The following variation on the object-oriented binding model shows how the group attribute can be used in object entries. In this model, each of the object entries contains, as before, an object UUID that will uniquely identify (either to the endpoint mapper on the exporting server's machine, and/or to the server itself) the object referred to by that entry. However, the object entries do not contain any binding information. Instead, a group attribute in each object entry refers clients' import operations back to the server's own separate entry, which contains the binding information for that server.

The namespace ingredients of this model are the following:

· A single namespace entry for the server, which contains a binding attribute and, possibly, an object attribute. Thus, this entry contains all the binding information that is exported to the namespace by the server.

· One namespace entry for each object that the server offers. Each entry contains an object attribute that contains that object's UUID, and a group attribute that refers back to the exporting server's namespace entry.

Note that the object entries consist of a combination of attributes not encountered before (object and group). Although unorthodox combinations of attributes are not generally recommended, they can sometimes be useful, as in this example.

The advantages of this scheme are twofold:

· It greatly reduces the amount of server-provoked export activity into the namespace.

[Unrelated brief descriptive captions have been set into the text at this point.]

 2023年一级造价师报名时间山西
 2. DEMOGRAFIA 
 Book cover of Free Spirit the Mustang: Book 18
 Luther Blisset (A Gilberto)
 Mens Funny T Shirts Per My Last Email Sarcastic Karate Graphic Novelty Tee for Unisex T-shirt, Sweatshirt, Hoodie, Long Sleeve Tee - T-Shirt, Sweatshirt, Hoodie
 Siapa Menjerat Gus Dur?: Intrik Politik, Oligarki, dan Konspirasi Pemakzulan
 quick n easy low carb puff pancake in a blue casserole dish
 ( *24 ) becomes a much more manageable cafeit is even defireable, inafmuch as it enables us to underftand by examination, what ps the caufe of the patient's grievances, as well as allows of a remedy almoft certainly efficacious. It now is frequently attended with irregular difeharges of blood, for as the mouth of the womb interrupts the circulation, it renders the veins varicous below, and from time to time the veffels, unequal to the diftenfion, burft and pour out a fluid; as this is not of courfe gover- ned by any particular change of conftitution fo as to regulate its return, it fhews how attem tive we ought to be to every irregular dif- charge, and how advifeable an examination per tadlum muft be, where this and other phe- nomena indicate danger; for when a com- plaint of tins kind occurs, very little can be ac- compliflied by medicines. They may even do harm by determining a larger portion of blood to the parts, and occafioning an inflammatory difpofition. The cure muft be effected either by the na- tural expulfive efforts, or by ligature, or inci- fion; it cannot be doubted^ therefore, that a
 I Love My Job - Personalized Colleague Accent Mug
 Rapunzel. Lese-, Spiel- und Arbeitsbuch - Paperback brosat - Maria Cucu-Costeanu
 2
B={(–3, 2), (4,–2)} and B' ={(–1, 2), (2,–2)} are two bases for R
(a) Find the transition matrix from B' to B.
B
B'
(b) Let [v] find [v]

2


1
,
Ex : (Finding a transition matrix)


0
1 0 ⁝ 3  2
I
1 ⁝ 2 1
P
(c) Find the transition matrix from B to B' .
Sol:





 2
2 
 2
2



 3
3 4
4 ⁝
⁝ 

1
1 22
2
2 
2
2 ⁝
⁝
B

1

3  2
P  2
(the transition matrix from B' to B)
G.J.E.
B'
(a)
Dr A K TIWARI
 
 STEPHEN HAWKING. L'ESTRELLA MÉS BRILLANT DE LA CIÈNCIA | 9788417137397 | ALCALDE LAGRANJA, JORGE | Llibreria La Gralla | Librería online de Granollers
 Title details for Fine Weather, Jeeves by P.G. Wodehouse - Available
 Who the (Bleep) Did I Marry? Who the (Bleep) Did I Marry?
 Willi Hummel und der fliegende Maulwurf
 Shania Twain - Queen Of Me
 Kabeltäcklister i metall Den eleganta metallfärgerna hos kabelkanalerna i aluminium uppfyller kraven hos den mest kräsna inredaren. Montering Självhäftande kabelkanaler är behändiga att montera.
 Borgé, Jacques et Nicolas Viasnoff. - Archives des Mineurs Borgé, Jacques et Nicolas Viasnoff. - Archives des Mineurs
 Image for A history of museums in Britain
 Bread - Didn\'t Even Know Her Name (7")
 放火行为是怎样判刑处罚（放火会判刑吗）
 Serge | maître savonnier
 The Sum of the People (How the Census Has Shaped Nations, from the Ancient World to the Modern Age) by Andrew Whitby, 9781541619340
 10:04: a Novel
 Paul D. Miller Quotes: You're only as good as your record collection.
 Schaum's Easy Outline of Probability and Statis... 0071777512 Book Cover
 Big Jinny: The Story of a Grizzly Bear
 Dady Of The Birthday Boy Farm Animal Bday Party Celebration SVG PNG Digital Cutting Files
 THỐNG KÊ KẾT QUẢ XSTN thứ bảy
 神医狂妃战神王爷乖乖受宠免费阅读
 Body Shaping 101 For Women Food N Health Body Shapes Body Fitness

· It allows the server application to associate a people-readable name (that is, the name of each object's namespace entry) with a UUID.

When the server is first activated it creates all the namespace entries, exports the objects' UUIDs into the object entries, and initializes the group attributes to refer to the server entry. It exports its binding information into the server entry only. From then on, whenever it is restarted, all the server needs to do is reexport its binding information into the single server entry. Everything else remains the same; that is, the objects' UUIDs have not changed, nor has the name of the server entry to which the object entries' group attributes refer. Thus, instead of exporting bindings to every one of its object entries on subsequent startups, the server exports to only one entry.

Of course, if the system were restarted or the namespace reinitialized, then the original start-up process would have to be repeated.

The slight disadvantage of this scheme occurs on the client side, where the import process becomes somewhat more complicated than it would be if all necessary information (both binding and object UUID) could be read in from the same entry.